Estamos totalmente abertos a fazer negócios no Brasil, seja investindo no marketplace ou adquirindo empresas. Minha experiência é que o Brasil é um lugar muito empreendedor, com muito mais habilidades em software do que as pessoas podem imaginar. Outra coisa que nos interessa por aqui são as habilidades linguísticas. O português brasileiro, naturalmente, é essencial para o Brasil e Portugal, mas as habilidades em inglês e espanhol aqui são fantásticas. A América Latina, como um todo, é uma das nossas regiões de crescimento mais rápido, e o fato de muitos brasileiros com quem trabalhamos terem boas habilidades em software, além de competências linguísticas, é uma grande vantagem.

ITF: A Zendesk também anunciou recentemente um novo modelo de receita baseado no crescimento do cliente.
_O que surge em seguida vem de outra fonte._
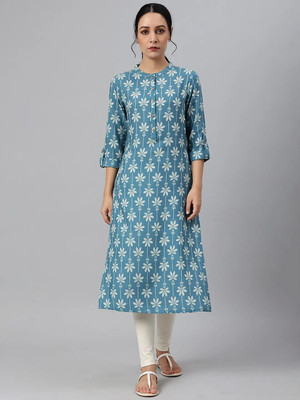Isha e Kart Women Floral Print A-line Kurta(Dark Blue, White)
Qual o objetivo dessa estratégia?

TE: Anunciamos isso globalmente porque queremos nos alinhar completamente aos resultados dos nossos clientes. A única situação em que deveríamos ser pagos é quando o bot realmente resolve o problema dos clientes do nosso cliente. Se houver uma interação que precise ser transferida para um humano, isso não significa resolver o problema. Chamamos isso de precificação baseada em resultados. Os clientes podem optar por participar ou não desse modelo. Existem outros modelos de precificação, caso prefiram seguir um modelo mais tradicional, mas recomendamos que sigam essa abordagem, pois acreditamos que esse será o futuro.
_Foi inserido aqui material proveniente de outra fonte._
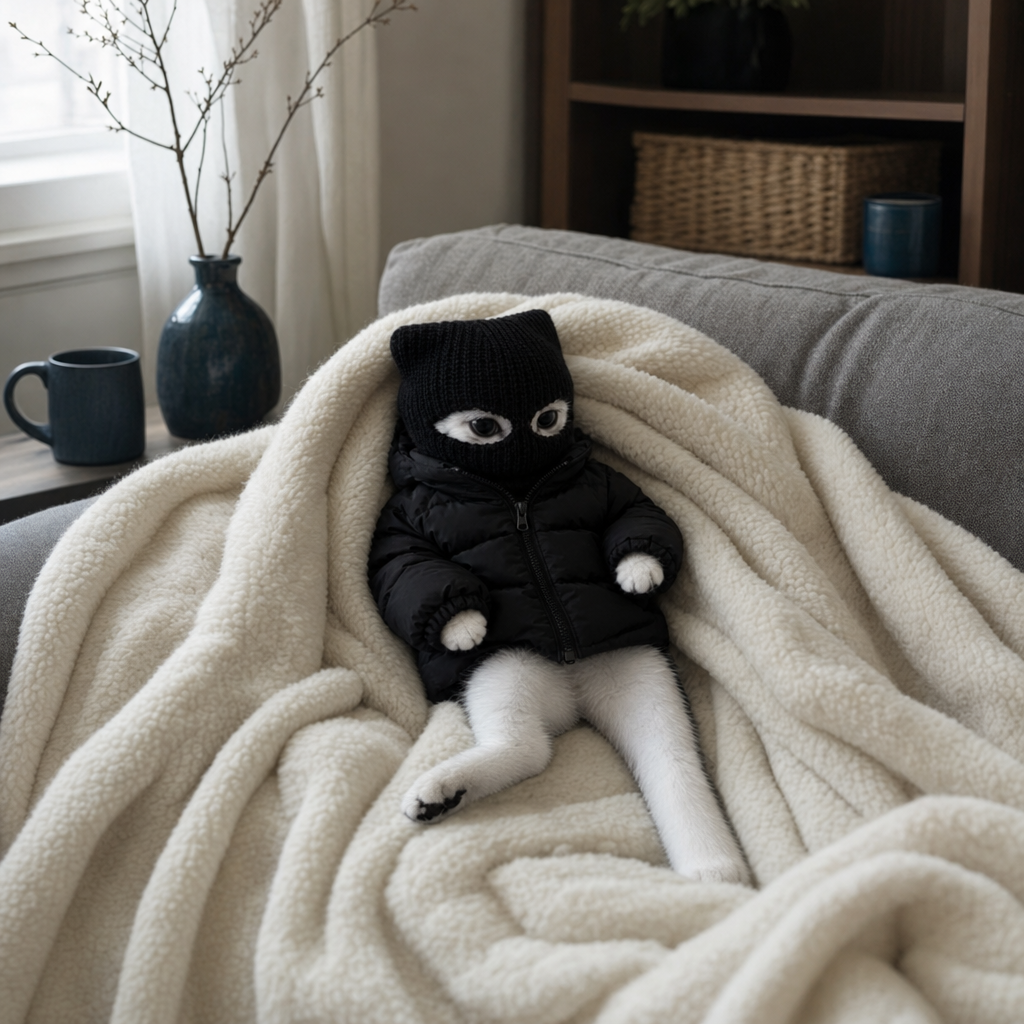 Mimi lying in the center of a cream sherpa blanket on the couch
ITF: Você comentou que bots com IA já são capazes de resolver até 80% dos atendimentos, mas espera chegar a 100% de resolutividade. Quais são os próximos passos?

TE: Estamos investindo muito tempo em nossa plataforma para combinar bots com agentes humano. Esperamos que as interações aumentem cerca de cinco vezes nos próximos três a cinco anos. Isso acontece porque, à medida que as interações se tornam menos complicadas, os consumidores tendem a interagir mais. Por exemplo, quando queria verificar o saldo bancário antigamente, precisava ir fisicamente ao banco. Depois, isso evoluiu para chamadas de voz, e agora faço isso online com muito mais frequência.

Esse tipo de mudança, do físico para o digital, tende a aumentar o número de interações. Com isso, precisamos estar preparados para uma explosão no volume de interações, e é essencial ter uma plataforma bem integrada entre IA e agentes humanos. Humanos cometem erros, e bots também podem cometer erros – é o que chamamos de “alucinações” da IA.

Queremos uma plataforma que permita treinar mutuamente humanos e IA. Por isso, adquirimos a empresa Klaus, de Tallinn, na Estônia. Eles analisam e pontuam cada interação de IA e de humanos, ajudando a entender em que casos um humano é mais eficaz e em quais a IA faz um trabalho melhor. Por exemplo, às vezes a IA responde melhor tecnicamente, mas os clientes ficam mais satisfeitos com a empatia de um humano.

Então, queremos transferir esse conhecimento para que os humanos melhorem suas respostas e a IA melhore em áreas como empatia. Precisamos melhorar essa interação rapidamente porque, como mencionei, esperamos que o volume de interações aumente cinco vezes nos próximos três a cinco anos.